> WORK ORDER:
Repeat exactly what runs from the line containing "Now the more" through the last line of the material below. Do not copy the pictures.

━━━ INFORMATION SHOWN ━━━

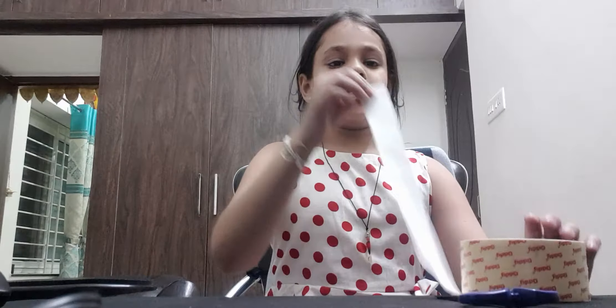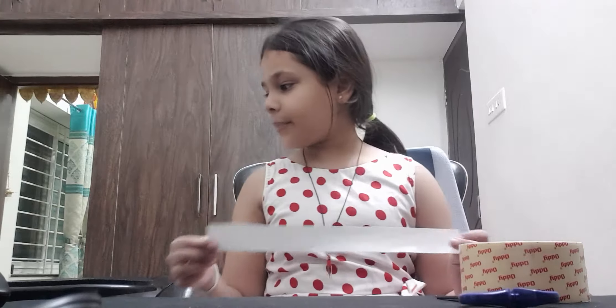So for that, I will tell you whatever we need. We need a strip of paper, double-sided tape, and a scissor. That's all.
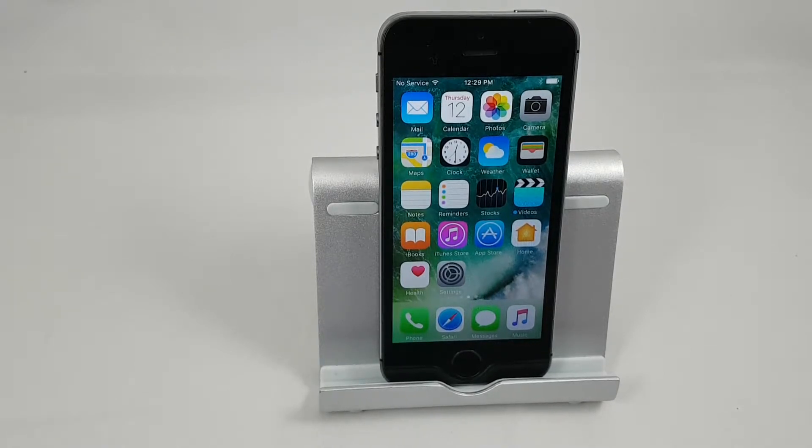Now the more stuff that you have on your phone — in terms of contacts, photos, or music — the more important it is to do a backup on a regular basis.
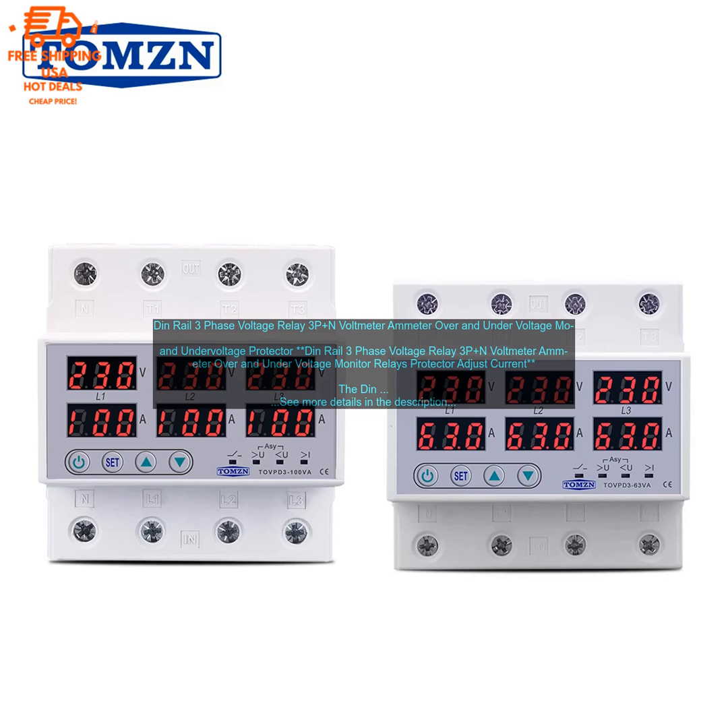The DIN rail 3-phase voltage relay — a voltmeter ammeter over and under voltage monitor relays protector with adjustable current — is a versatile and reliable device that can be used to protect your home or business from power surges. It features three-phase voltage protection, over voltage protection, under voltage protection, and adjustable current protection.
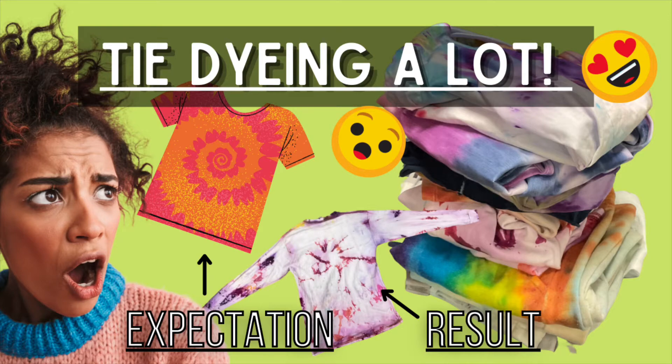Welcome to the Creativity City. In this video, I'm going to be tie-dyeing a lot. Expectation versus result.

━━━

> RESPONSE FOR THIS EXERCISE:
Now the more stuff that you have on your phone — in terms of contacts, photos, or music — the more important it is to do a backup on a regular basis.
The DIN rail 3-phase voltage relay — a voltmeter ammeter over and under voltage monitor relays protector with adjustable current — is a versatile and reliable device that can be used to protect your home or business from power surges. It features three-phase voltage protection, over voltage protection, under voltage protection, and adjustable current protection.
Welcome to the Creativity City. In this video, I'm going to be tie-dyeing a lot. Expectation versus result.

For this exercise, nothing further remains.